It did not take long for the Presidents of the United States and France to find a "complete identity of view" on the need to resist any encroachment on the freedom of or access to West Berlin. Presumably that view will be accepted happily by Chancellor Adenauer and, perhaps with more reluctance, by the British Prime Minister. This is gratifying news, though its precise meaning is not yet known. Nor is it known whether US policy is still based on the imposing cornerstone cliche of the past decade, which is that the solution of the problem of Germany - of which Berlin is a part - must be the reunification of Germany via free elections.
It seems to me that there are other possible policies which deserve consideration. Specifically, I propound the idea that there are three issues which are commonly discussed as if they were one but which are really quiteseparate. They are: (a) the freedom of West Berlin and West Germany; (b) the reunification of Germany; and (c) the conclusion of a treaty or treaties of peace with a reunified or divided Germany.
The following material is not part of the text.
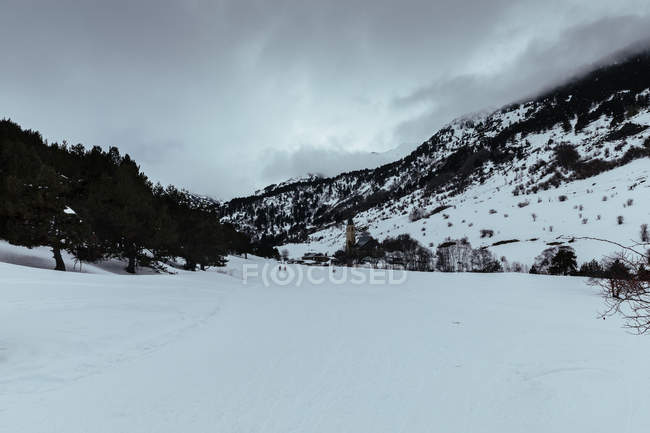 Panoramic view of snowy mountains area — Stock Photo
As to (a), there is little to be said. If anything justifies the risk of war, it is the prevention of the forcible subjection of the people of West Berlin (and a fortiori of West Germany) to the rule of the East German Government, which is to say the rule of Soviet Russia. That appears to be the position of the President.
As to (b), the United States has repeatedly declared - formally in the Final Act of the London Conference of 1954 and the Convention on Relations between the United States, the United Kingdom and France and the Federal Republic of Germany of the same year, and less formally on many occasions before and since — that its fundamental goal is "the achievement through peaceful means of a fully free and unified Germany." This assumes the wrong answer to several questions which have not been much canvassed in public.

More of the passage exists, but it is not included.